_ACTIVITY:_
Omit the images, then repeat the listing exactly.

_DATA BELOW:_
BEGIN

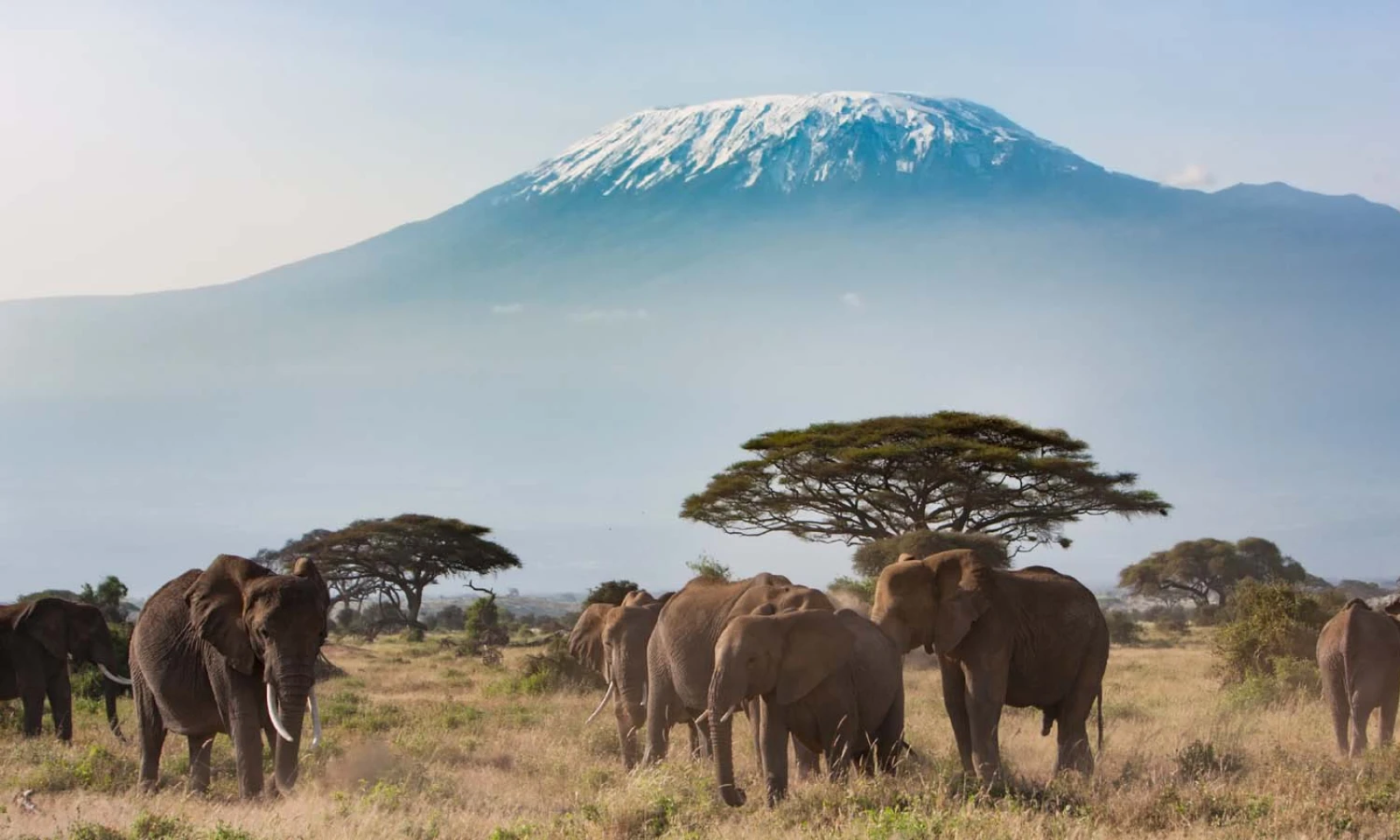 Masai Mara → Amboseli National Park – Elephants & Kilimanjaro Views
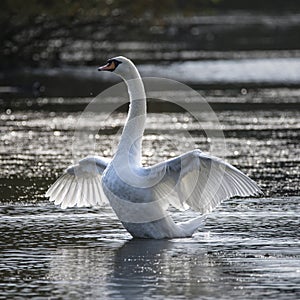 Graceful beautiful mute swan cygnus olor stretches it`s wings on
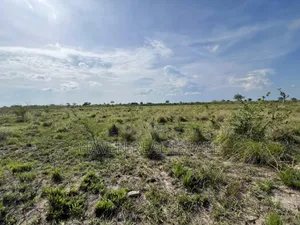 Industrial Plot Ekari 8.3 Imegusa Lami Bagamoyo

END

_YOUR RESPONSE:_
 Masai Mara → Amboseli National Park – Elephants & Kilimanjaro Views
 Graceful beautiful mute swan cygnus olor stretches it`s wings on
 Industrial Plot Ekari 8.3 Imegusa Lami Bagamoyo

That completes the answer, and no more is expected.